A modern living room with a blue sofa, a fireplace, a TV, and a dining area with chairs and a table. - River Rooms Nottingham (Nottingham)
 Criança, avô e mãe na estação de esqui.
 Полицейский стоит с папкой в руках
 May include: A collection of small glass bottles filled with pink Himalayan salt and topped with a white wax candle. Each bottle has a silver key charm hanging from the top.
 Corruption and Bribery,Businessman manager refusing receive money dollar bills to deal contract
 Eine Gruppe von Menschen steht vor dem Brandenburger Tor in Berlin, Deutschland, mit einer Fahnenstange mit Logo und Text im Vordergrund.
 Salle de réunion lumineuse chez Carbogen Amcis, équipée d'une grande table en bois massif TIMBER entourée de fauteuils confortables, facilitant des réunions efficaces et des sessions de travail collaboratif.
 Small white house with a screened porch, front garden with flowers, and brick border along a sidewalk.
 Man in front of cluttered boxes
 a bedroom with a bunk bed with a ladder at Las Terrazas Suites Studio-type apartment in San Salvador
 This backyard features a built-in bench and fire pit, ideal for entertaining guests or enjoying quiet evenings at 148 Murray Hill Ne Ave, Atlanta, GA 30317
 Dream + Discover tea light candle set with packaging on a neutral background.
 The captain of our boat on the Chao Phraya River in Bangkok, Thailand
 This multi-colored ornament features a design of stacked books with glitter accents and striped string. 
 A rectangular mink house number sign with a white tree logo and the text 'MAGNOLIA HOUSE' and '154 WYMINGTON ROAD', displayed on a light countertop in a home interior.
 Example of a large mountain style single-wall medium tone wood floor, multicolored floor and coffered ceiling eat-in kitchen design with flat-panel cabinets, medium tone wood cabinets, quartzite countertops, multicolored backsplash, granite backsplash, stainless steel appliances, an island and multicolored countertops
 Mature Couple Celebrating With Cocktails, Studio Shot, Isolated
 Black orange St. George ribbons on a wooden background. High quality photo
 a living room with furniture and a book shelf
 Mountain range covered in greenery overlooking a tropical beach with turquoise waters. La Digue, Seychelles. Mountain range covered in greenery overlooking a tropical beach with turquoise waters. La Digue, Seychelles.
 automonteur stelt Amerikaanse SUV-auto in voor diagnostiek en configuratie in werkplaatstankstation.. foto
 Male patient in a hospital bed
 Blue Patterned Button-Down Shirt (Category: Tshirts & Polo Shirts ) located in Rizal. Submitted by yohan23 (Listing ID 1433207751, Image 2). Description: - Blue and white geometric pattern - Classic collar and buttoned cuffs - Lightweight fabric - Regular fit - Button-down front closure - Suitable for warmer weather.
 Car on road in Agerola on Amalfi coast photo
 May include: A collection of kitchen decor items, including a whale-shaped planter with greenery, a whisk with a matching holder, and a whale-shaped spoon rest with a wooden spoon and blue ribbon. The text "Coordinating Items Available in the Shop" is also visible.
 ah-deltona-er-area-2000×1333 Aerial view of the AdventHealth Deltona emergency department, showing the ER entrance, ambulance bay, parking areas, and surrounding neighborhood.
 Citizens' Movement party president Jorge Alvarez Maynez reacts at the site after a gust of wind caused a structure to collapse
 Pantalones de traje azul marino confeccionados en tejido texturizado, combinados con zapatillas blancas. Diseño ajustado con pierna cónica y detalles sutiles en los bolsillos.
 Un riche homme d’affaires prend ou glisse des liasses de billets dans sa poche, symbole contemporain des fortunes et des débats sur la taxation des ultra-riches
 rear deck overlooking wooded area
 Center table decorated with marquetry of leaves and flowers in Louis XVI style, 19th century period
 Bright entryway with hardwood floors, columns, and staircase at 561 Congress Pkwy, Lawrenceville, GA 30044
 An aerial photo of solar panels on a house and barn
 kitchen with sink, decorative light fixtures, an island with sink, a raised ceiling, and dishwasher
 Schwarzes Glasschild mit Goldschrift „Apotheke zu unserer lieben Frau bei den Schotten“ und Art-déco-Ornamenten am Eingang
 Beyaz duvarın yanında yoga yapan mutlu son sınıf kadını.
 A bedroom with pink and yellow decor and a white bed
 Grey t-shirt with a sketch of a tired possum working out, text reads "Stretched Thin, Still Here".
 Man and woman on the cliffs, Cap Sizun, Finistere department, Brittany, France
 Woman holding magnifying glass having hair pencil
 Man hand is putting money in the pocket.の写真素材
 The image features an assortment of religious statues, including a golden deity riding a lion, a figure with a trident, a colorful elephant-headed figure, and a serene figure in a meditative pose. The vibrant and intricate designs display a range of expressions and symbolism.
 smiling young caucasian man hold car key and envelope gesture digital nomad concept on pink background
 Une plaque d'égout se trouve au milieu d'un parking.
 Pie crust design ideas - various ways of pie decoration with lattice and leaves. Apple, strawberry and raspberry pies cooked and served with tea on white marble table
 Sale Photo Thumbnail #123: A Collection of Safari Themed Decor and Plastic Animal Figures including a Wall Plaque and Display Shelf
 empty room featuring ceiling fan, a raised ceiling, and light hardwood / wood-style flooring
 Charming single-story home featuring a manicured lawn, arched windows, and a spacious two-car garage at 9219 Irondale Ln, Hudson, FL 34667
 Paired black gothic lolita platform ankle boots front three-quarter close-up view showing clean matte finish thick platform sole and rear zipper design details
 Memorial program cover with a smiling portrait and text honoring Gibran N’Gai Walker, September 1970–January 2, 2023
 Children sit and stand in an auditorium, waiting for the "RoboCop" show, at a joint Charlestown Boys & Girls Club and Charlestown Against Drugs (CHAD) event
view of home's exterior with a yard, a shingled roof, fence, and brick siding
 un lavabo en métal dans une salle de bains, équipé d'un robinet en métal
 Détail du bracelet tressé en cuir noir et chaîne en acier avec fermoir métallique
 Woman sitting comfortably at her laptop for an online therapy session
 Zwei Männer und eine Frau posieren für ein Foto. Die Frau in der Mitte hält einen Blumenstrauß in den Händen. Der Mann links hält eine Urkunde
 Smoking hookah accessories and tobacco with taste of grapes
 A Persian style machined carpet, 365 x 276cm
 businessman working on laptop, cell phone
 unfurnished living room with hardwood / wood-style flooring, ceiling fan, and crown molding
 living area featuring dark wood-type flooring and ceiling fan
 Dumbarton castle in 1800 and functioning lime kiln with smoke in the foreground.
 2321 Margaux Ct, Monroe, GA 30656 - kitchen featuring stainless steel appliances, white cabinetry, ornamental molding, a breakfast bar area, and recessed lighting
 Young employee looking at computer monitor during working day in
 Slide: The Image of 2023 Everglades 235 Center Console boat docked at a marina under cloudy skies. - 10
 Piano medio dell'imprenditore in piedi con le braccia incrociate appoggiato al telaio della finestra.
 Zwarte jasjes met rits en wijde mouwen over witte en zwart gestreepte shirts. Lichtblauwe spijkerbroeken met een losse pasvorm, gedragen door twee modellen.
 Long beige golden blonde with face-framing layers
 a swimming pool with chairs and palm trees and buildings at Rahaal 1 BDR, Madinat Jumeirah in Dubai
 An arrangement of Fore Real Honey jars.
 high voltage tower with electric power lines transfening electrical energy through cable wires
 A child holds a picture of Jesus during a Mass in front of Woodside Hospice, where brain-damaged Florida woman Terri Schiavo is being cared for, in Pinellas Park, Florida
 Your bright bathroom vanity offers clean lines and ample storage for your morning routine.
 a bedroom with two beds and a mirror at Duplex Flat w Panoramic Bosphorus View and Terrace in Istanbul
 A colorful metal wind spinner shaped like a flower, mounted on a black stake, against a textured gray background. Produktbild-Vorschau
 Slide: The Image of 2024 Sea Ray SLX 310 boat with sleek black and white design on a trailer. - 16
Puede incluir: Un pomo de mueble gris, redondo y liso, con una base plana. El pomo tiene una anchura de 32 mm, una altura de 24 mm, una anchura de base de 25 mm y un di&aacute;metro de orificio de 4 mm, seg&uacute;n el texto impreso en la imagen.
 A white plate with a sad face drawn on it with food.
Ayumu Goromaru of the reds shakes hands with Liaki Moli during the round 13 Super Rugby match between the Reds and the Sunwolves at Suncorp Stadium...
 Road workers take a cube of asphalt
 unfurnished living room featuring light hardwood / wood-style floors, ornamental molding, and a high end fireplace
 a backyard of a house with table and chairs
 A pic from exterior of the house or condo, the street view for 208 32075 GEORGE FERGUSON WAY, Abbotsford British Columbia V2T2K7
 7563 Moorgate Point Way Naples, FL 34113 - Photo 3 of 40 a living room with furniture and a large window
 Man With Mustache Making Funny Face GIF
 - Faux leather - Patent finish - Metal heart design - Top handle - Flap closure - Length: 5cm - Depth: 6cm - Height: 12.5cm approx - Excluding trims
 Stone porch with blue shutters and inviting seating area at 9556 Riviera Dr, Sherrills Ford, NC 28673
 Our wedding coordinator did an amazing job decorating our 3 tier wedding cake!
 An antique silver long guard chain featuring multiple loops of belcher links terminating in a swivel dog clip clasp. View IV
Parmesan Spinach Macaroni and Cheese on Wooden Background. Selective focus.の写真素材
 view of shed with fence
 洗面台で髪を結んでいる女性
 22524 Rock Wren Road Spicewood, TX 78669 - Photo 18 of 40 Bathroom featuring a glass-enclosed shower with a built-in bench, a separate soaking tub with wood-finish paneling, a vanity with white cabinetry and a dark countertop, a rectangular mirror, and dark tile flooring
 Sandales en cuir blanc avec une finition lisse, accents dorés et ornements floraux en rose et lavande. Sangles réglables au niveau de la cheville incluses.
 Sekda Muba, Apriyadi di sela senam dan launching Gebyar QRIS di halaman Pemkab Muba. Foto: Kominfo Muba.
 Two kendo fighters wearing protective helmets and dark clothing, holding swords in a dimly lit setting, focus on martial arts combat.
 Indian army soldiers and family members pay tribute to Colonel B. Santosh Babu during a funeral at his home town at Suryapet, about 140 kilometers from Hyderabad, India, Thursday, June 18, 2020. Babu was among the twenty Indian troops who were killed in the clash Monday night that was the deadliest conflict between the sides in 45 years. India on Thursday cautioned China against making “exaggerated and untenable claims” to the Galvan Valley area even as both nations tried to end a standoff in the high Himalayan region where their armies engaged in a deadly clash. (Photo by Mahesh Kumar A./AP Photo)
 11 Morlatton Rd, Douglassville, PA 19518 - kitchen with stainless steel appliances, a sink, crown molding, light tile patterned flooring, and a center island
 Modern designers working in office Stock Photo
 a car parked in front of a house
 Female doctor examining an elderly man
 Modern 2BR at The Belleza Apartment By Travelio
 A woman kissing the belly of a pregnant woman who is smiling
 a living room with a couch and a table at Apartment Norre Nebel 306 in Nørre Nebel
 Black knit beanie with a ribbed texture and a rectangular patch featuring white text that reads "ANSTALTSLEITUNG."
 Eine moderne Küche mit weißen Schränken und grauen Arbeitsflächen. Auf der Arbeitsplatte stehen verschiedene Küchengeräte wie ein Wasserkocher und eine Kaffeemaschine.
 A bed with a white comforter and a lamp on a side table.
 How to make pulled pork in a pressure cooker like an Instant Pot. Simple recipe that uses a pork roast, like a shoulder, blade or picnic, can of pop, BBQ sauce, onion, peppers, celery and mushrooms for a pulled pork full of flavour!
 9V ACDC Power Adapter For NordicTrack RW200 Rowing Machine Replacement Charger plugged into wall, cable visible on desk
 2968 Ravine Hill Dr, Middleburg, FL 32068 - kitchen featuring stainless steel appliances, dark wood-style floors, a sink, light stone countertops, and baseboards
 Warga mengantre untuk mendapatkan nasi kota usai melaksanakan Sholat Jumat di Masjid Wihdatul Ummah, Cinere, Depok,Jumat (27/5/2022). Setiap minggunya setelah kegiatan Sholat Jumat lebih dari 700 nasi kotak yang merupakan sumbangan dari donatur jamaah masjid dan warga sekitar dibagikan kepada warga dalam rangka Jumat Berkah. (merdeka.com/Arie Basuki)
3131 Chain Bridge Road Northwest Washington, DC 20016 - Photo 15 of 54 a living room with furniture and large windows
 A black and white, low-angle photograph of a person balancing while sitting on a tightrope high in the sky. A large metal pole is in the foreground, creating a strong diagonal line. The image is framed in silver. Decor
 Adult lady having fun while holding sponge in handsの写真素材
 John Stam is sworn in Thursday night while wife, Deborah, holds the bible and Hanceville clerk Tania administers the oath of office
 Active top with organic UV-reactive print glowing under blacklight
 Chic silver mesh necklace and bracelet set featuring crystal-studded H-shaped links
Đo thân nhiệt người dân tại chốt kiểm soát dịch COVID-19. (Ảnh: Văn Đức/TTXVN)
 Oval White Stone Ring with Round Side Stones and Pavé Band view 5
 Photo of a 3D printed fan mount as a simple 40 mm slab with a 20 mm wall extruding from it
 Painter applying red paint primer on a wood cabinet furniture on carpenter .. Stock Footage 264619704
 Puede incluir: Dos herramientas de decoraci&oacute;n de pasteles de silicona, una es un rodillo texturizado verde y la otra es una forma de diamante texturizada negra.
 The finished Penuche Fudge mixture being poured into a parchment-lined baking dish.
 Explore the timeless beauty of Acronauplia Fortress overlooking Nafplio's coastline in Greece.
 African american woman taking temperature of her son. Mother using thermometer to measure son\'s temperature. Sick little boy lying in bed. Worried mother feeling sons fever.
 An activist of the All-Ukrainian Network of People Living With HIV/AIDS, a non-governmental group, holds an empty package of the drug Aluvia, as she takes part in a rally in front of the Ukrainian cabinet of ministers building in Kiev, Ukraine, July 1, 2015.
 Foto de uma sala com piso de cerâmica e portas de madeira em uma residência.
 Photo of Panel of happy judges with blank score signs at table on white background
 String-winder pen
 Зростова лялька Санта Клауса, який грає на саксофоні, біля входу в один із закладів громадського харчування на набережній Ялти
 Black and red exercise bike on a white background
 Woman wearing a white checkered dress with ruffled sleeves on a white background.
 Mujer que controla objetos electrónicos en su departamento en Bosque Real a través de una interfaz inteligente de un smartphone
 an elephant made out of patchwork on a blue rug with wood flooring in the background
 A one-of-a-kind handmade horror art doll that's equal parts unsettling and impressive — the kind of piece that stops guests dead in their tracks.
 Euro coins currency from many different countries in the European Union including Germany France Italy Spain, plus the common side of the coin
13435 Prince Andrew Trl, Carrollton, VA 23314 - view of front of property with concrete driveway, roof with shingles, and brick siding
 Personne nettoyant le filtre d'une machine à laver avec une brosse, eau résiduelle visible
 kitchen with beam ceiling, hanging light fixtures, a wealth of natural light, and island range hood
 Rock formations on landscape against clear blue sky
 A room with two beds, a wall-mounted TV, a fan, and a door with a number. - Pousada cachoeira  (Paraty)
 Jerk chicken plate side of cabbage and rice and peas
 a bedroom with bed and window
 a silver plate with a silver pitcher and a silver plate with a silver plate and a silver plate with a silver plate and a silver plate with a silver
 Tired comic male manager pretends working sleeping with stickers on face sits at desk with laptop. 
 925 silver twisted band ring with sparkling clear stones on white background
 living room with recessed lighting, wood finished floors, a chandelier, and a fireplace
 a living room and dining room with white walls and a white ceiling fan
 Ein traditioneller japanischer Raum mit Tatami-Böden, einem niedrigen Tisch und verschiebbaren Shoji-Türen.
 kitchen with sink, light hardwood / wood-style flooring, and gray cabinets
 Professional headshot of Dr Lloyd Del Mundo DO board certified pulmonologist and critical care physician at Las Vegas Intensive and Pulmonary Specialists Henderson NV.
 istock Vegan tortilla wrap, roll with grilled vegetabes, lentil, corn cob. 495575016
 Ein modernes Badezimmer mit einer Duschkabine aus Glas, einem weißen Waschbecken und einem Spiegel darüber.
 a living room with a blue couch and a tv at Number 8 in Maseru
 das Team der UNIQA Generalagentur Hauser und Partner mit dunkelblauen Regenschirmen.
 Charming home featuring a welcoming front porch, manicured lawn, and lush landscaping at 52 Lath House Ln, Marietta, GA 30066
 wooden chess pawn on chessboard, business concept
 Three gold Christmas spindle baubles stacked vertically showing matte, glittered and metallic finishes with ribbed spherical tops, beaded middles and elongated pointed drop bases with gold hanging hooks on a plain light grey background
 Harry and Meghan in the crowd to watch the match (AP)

▶ _PROBLEM_:
Going down the listing above, begin printing at the line with "Beyaz duvarın yanında" and finish with the line with "Man hand is", exactly as they appear.

▶ _SOLVED PROBLEM_:
 Beyaz duvarın yanında yoga yapan mutlu son sınıf kadını.
 A bedroom with pink and yellow decor and a white bed
 Grey t-shirt with a sketch of a tired possum working out, text reads "Stretched Thin, Still Here".
 Man and woman on the cliffs, Cap Sizun, Finistere department, Brittany, France
 Woman holding magnifying glass having hair pencil
 Man hand is putting money in the pocket.の写真素材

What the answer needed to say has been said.